AIRMILES :: Sean Cribbin returns to TheGayGuideNetwork with his three-part series exploring the dynamics of long distance love. The possibilities, pitfalls and probability of making love from afar stand the test of time.
Does absence make the heart grow fonder? With the onset of chat rooms, social networks, dating and hook up sites, love and lust anywhere in the world is a mere click of the mouse away. I doubt anyone deliberately seeks out the love of their life via a long distance relationship, yet it seems to me there’s a huge rise in long distance romances. (Perhaps because I currently find myself in one.) It’s caused me to learn a lot about the nature of long distance love I hope may benefit others so they may enter a similar situation with eyes open and realistic expectations.

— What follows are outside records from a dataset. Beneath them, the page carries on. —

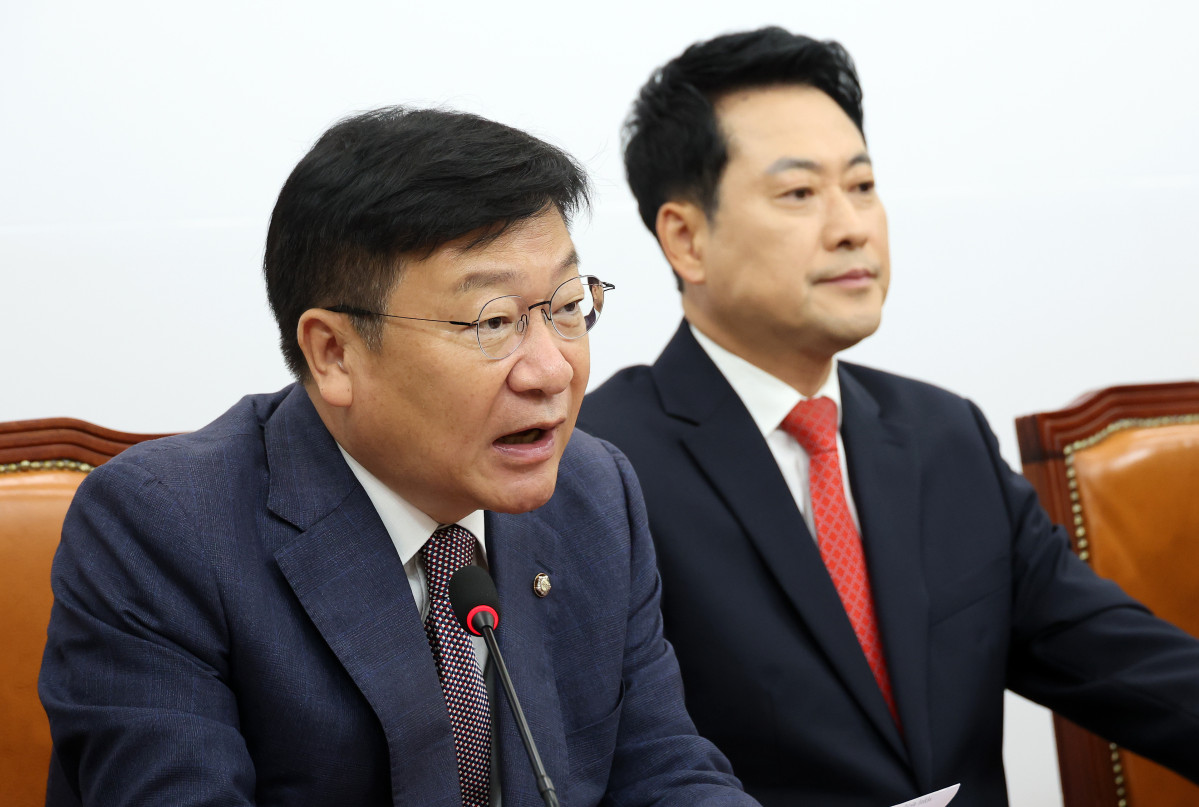 ▲국민의힘 정점식 원내대표가 11일 국회에서 열린 최고위원회의에서 발언하고 있다. 오른쪽 장동혁 대표. (연합뉴스)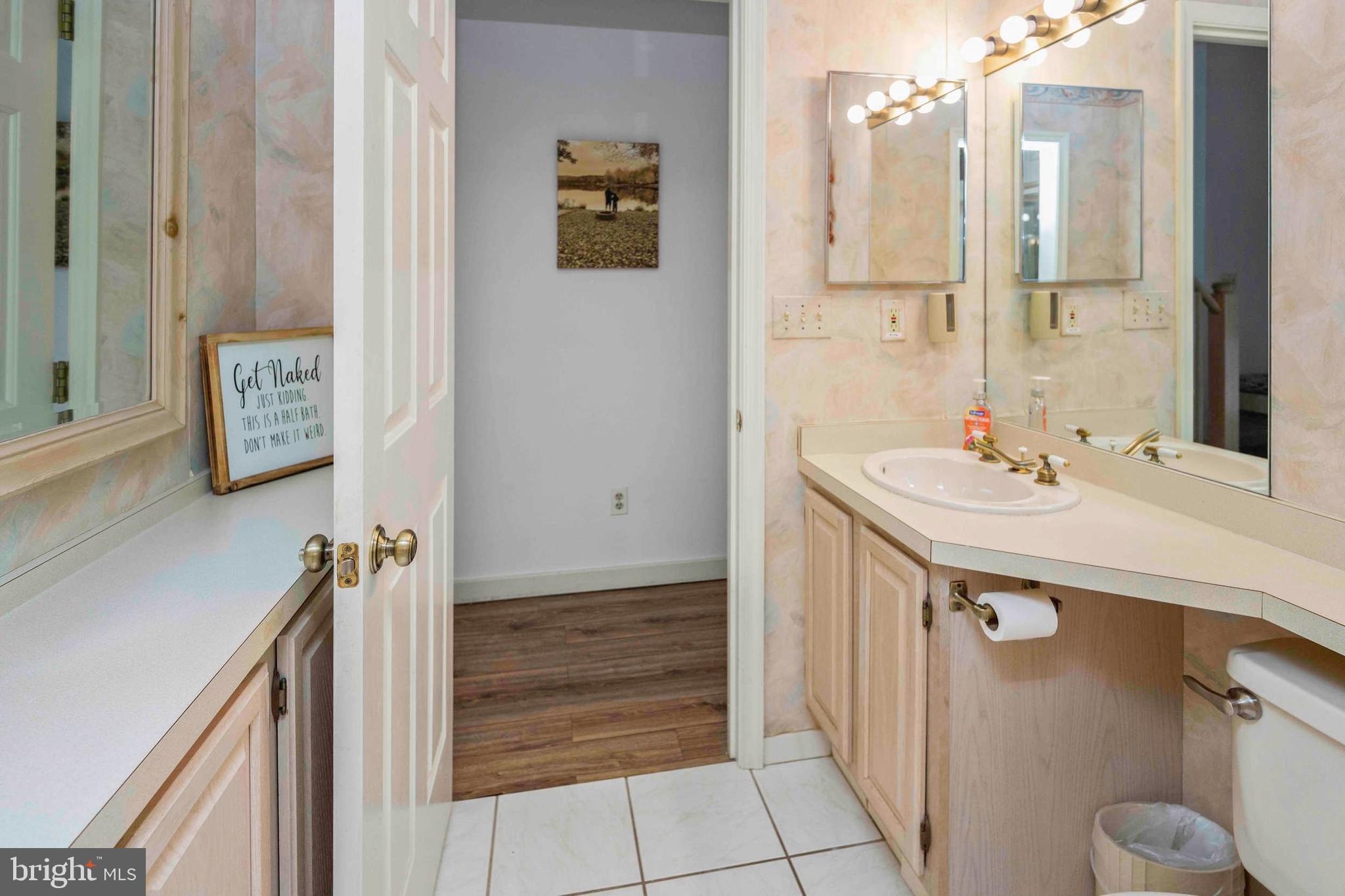 LAURELWOODS - Residential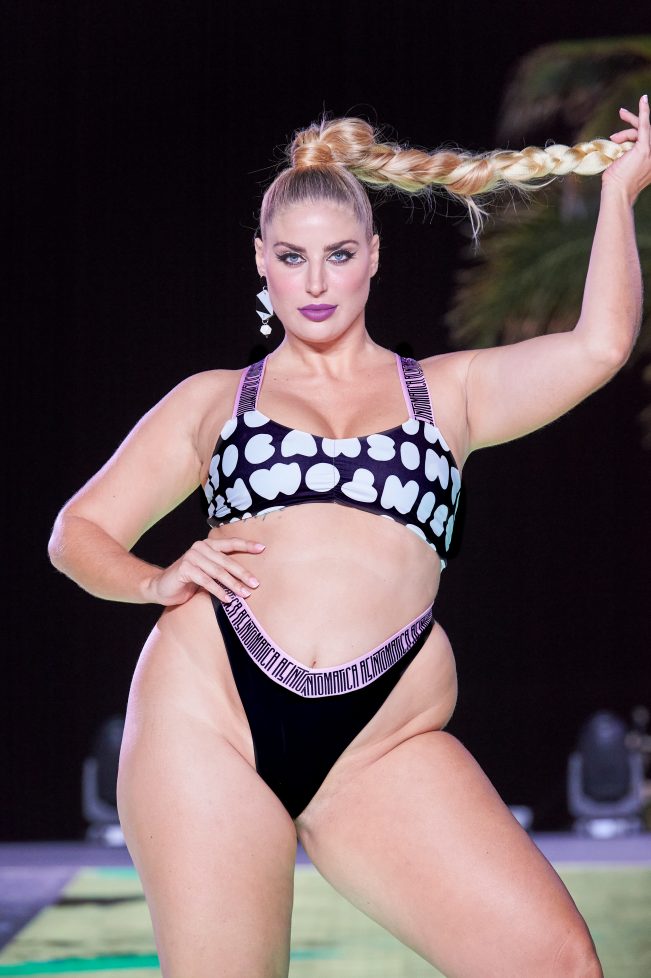<b>BIKINI</b><br> <i>Curvy Asintomática 1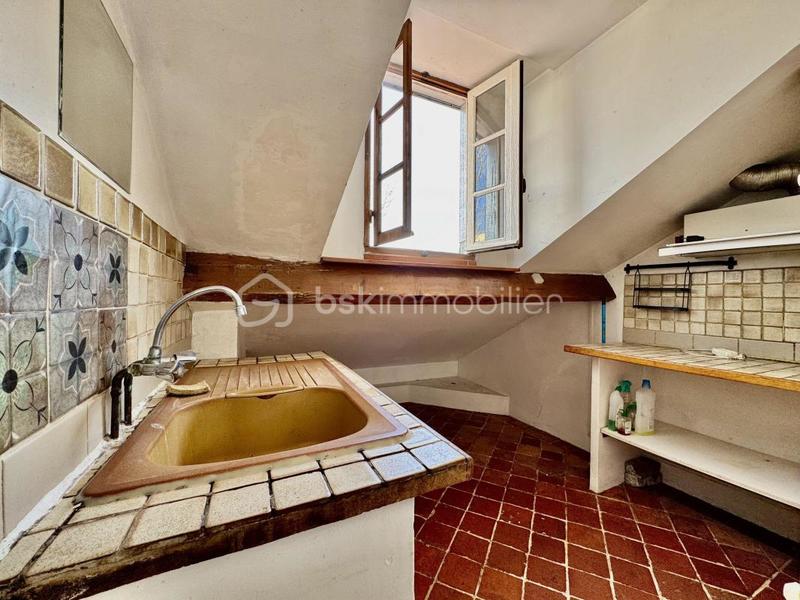 Studio - 9 m² - 2 pièces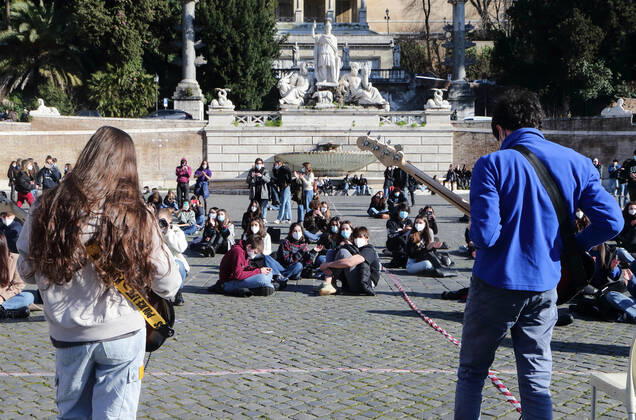 January 13, , 2021 - Roman students during a pageful demonstration to demand the reopening of schools closed for the lockdown pandemic restrictions, in People Square in Rome. . Credit Image: via ZUMA Wire) Romne, Italy - ZUMAi15_ 20210113_zaf_i15_028 Copyright: xEvandroxInettix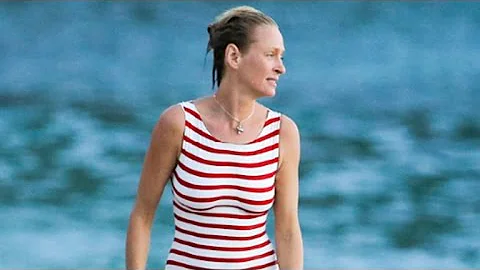 45-Year-Old Uma Thurman Flaunts Her Slim Figure in...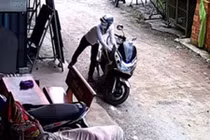 Đi mượn xe nhà người quen, thầy giáo trộm luôn tài sản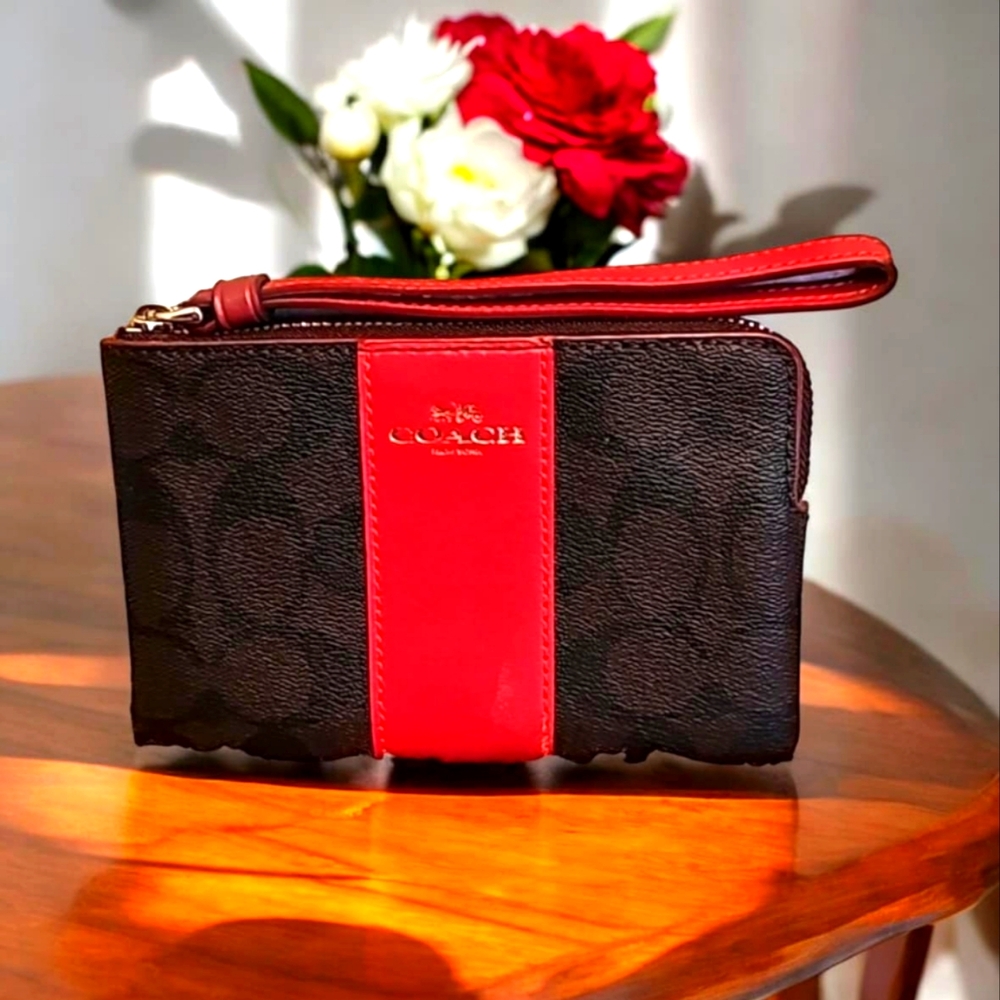 Coach Brown w/Dark Brown Wristlet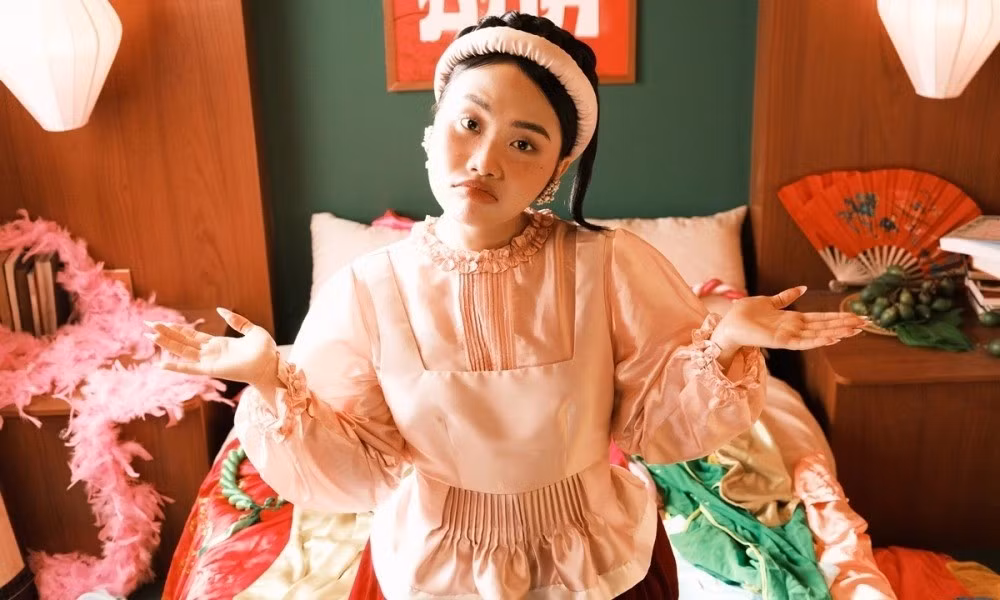 mv-vu-tru-co-anh-phuong-my-chi-1682560083.jpg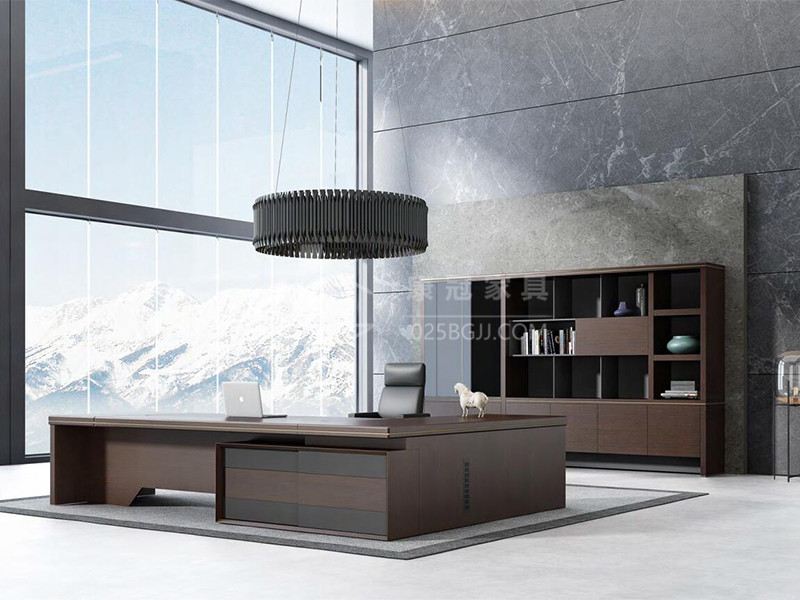 企業(yè)辦(ban)公(gong)傢具應(yīng)(ying)該怎麼(me)選擇(ze)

I found myself, like many of us at any given moment, cruising the web one night. In amongst several of my chats, benign greetings, and “woofs”, there was a click – thunderbolt, actually – with one man that went above and beyond the norm.
We did not start off as a sudden relationship; the impossibility and realism of our mega-mutual attraction evolving into anything of substance was a back-burner concept (though the concept was still present from the very beginning). Occasional conversations progressed to frequent, and the depth and openness of our talks expanded as well. Six months into chatting we agreed that we had to meet and, frankly, I never thought it possible, but by then I had already fallen in love. Yet we had never been so much as in the same room together, not even the same time zone.
Arrangements were made to meet at a half-way point geographically for what was to become a six-day long first date.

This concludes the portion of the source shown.